The real treat and surprise and “a-ha” moments for me were experienced in my writing classes: “Telling Stories, Experiencing Life;” “Poetry,” and the very last class I took, “Faith and Doubt in Literature.”  In the first I experienced, in the telling of some parts of my own story, that silence at the end when one senses “something special just happened in this group in the hearing of my words.”  In the second it was the instructor’s written evaluation of one of my poems, encouraging me to continue writing: “Read, read, read….write, write, write!” and the final stamp of affirmation came upon submitting my final paper for “Faith and Doubt” and having the instructor invite me to enter it in the end-of-the-year literature and language writing awards, for which I won “Belmont University Literature and Language Outstanding Writing Award!”

I really was on a writing high and a writing roll, and had I been independently wealthy – to afford to quit work and write – or just disciplined enough to buckle down and write, I might have finished a book (or several) by now.  Instead, I dabbled in it, continued writing free-write pages and a journal, hoping some day to write something for real.

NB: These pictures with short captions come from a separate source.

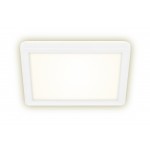 SLIM - PLAFONIERA CON EFFETTO ALONE 19 X 19CM LED 14WATT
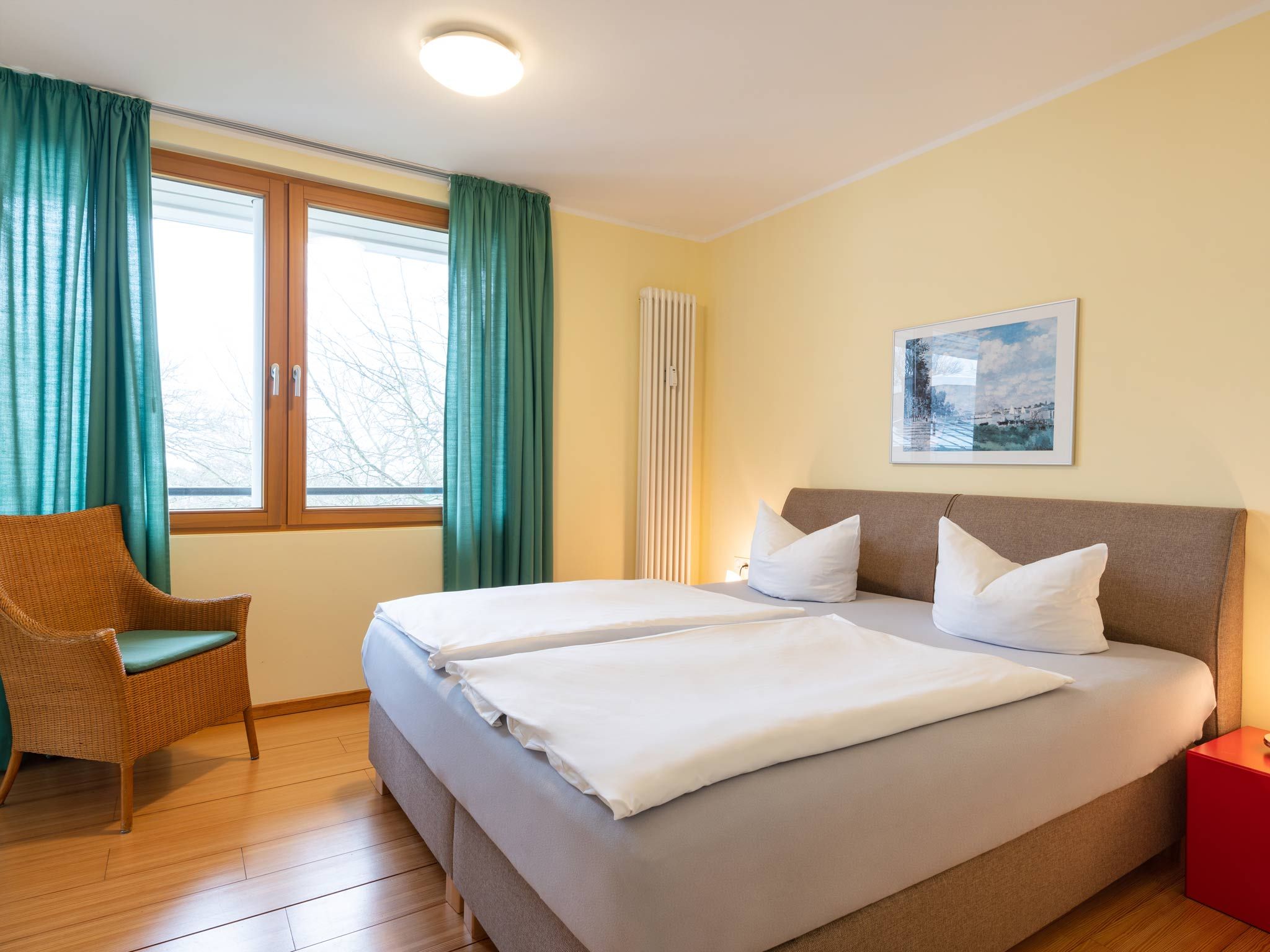 Kaiservillen Heringsdorf Ferienwohnung mit 1 Schlafzimmer und Balkon (D131) Insel Usedom - Schlafzimmer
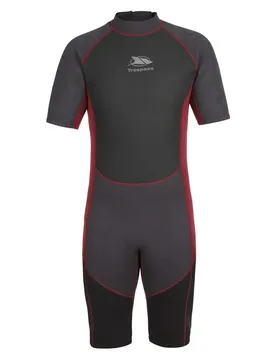 Shorty à Manches Courtes Avec Fermeture éclair Dans Le Dos Argon 3 Mm Black L
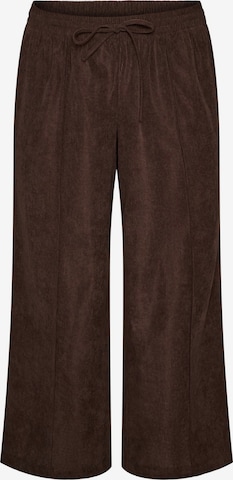 Loosefit Pantalon 'FLELISA' Zizzi en marron : devant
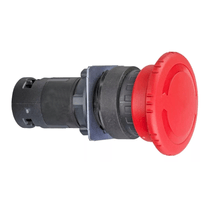 Botão Cogumelo 40mm Vermelho 22mm 250V XB7ES542P Schneider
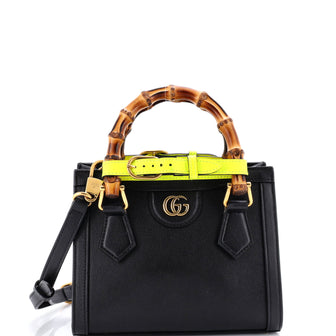Gucci Diana NM Bamboo Handle Tote Leather Mini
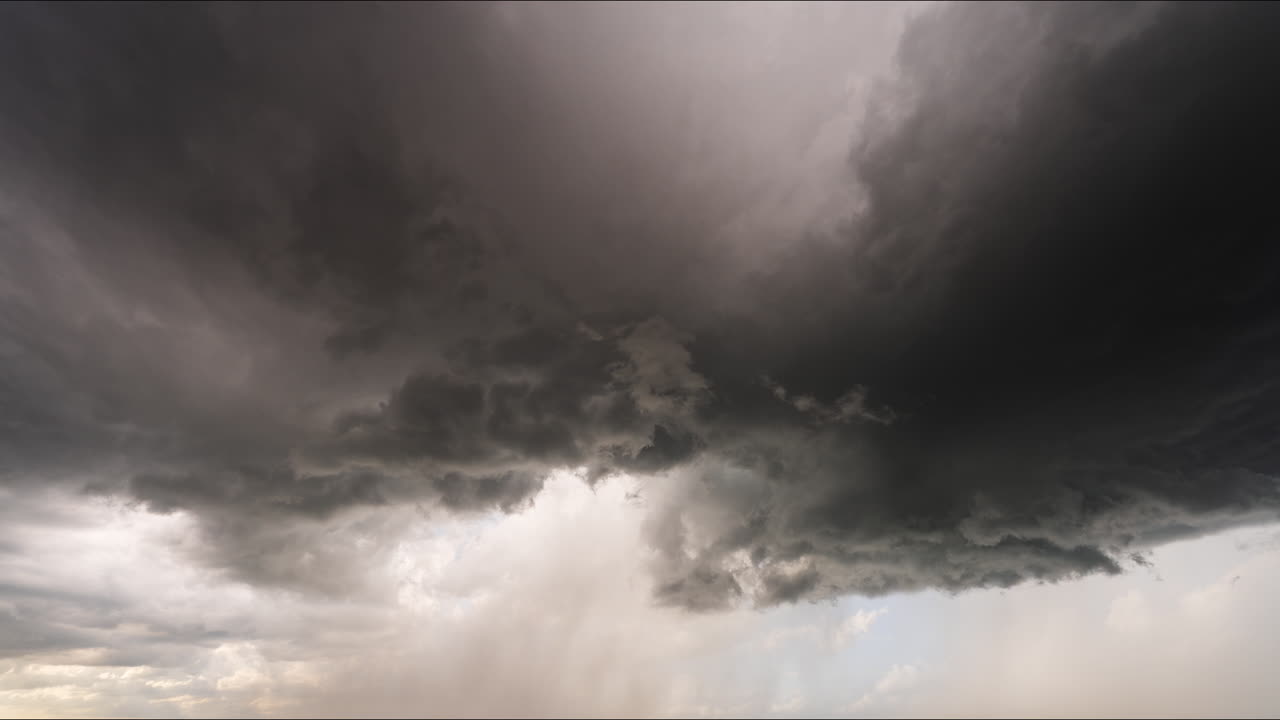 Dramatic Storm Clouds and Rain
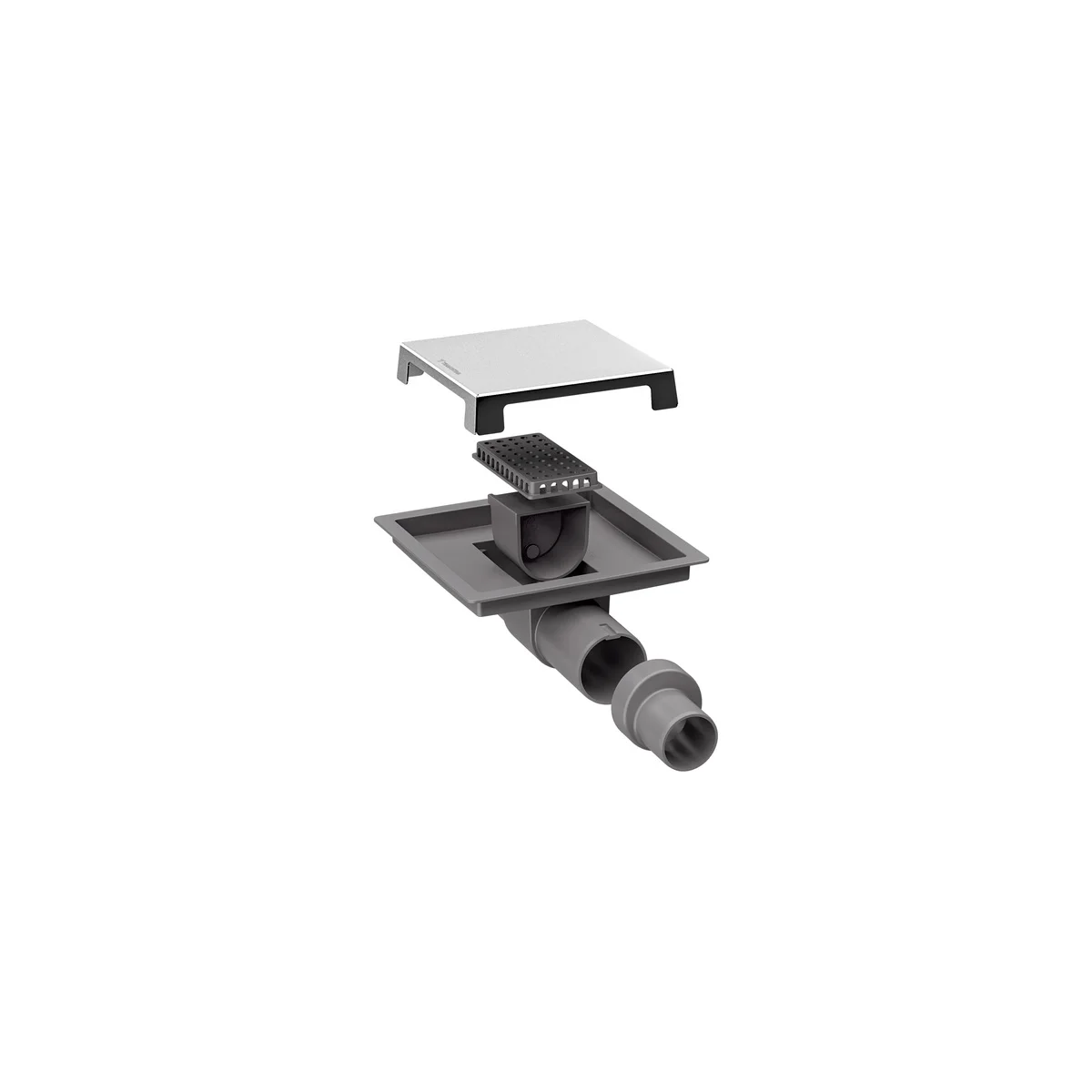 Ralo Neo Square Tramontina em Aço Inox 15 x 15 cm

Some time along this journey, after graduating from Belmont with my Bachelor of Science, I was mowing grass and in the rhythm of back and forth pacing one does behind a push mower, I started writing (in my head) a letter to my dad’s father, Johnny, who had died before I was born, so he was the grandfather that I never knew.  I was telling him what a great person my dad was and what a wonderful family he had nurtured.  I was telling Johnny this because my dad had polio when he was 7 years old, so in his day he would have been known as a “crippled” boy.  I wished Johnny could have witnessed the mark his son had left on the world.  In that thinking, about my dad being a “special needs” child in his day, and that my own son, Matt, with his Down syndrome, was a special needs child, I realized that even though I had never met my grandfather, I might actually know him even better than some of his own family because of our shared experience. It was there that the seeds for my first book were sewn.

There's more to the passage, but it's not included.